Prompt: Print the data below again in full, exactly as it stands, with no images.

── Collected data ──

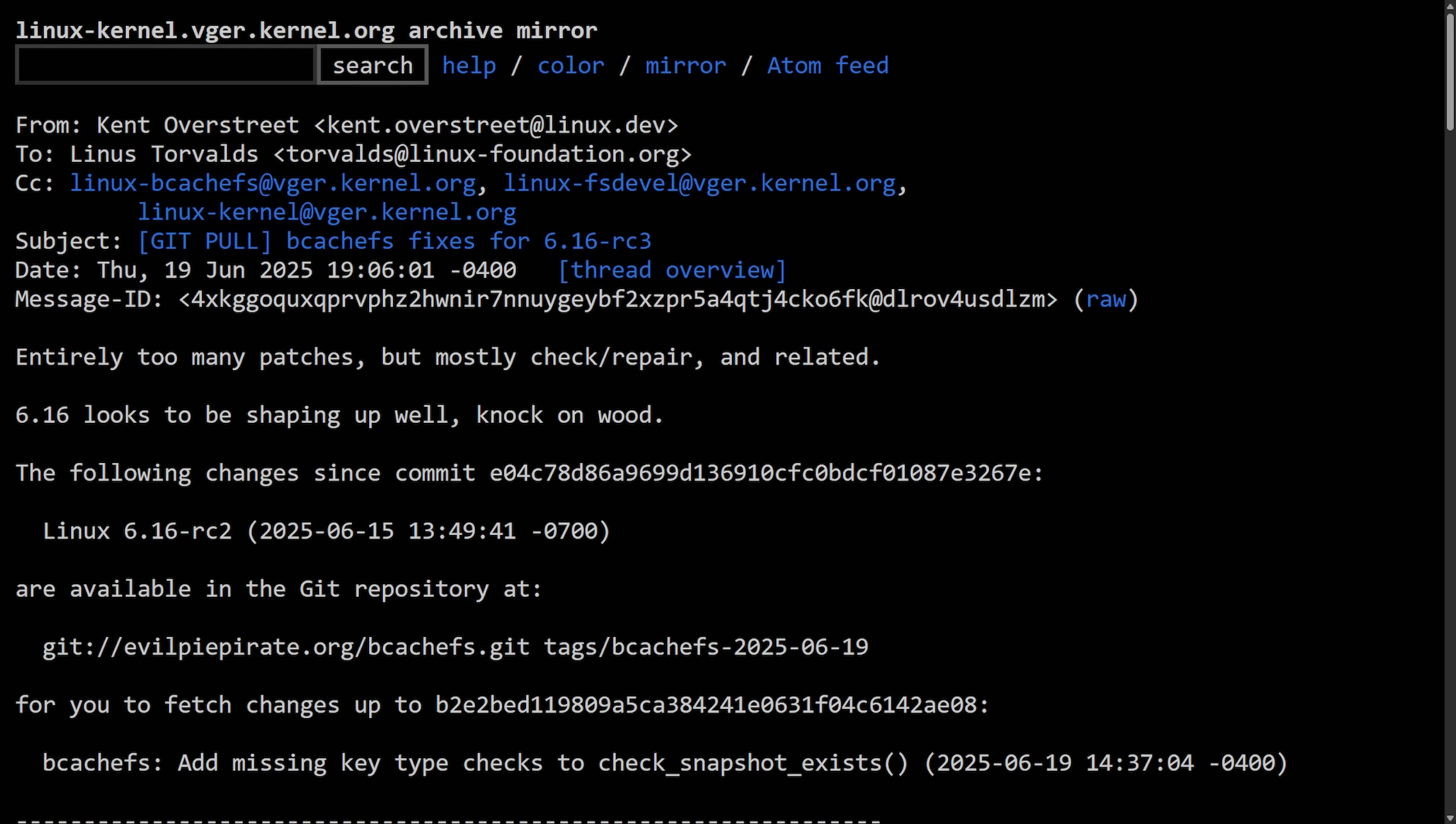Well, it seems like it has happened. BcashFS might be getting thrown out of the Linux kernel. Let's follow through what happened and how this all unfolded. Buckle up as this is going to be a wild one and we got a lot to go through. This all started with Kent, the lead maintainer of BcashFS, submitting a large pull request which included a few fixes for the Linux 6.16 RC3 release cycle.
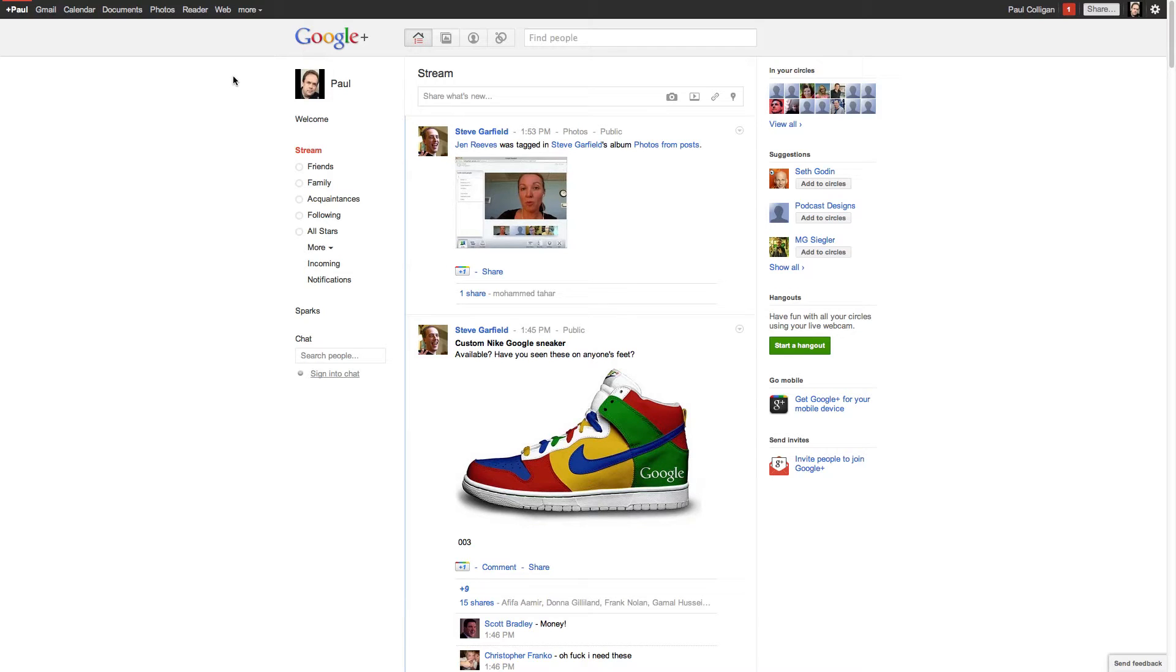Hey everybody, it's Paul Colligan and I'm going to show you how to get around YouTube's 15-minute limit. This is very cool.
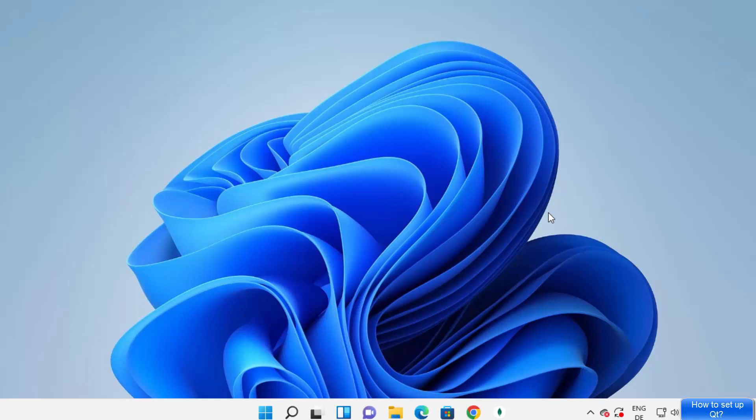In this video I'm going to show you how you can download, install, and use Qt Creator on your Windows 11 operating system. So let's get started and see how we can do it.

───

Exercise output:
Well, it seems like it has happened. BcashFS might be getting thrown out of the Linux kernel. Let's follow through what happened and how this all unfolded. Buckle up as this is going to be a wild one and we got a lot to go through. This all started with Kent, the lead maintainer of BcashFS, submitting a large pull request which included a few fixes for the Linux 6.16 RC3 release cycle.
Hey everybody, it's Paul Colligan and I'm going to show you how to get around YouTube's 15-minute limit. This is very cool.
In this video I'm going to show you how you can download, install, and use Qt Creator on your Windows 11 operating system. So let's get started and see how we can do it.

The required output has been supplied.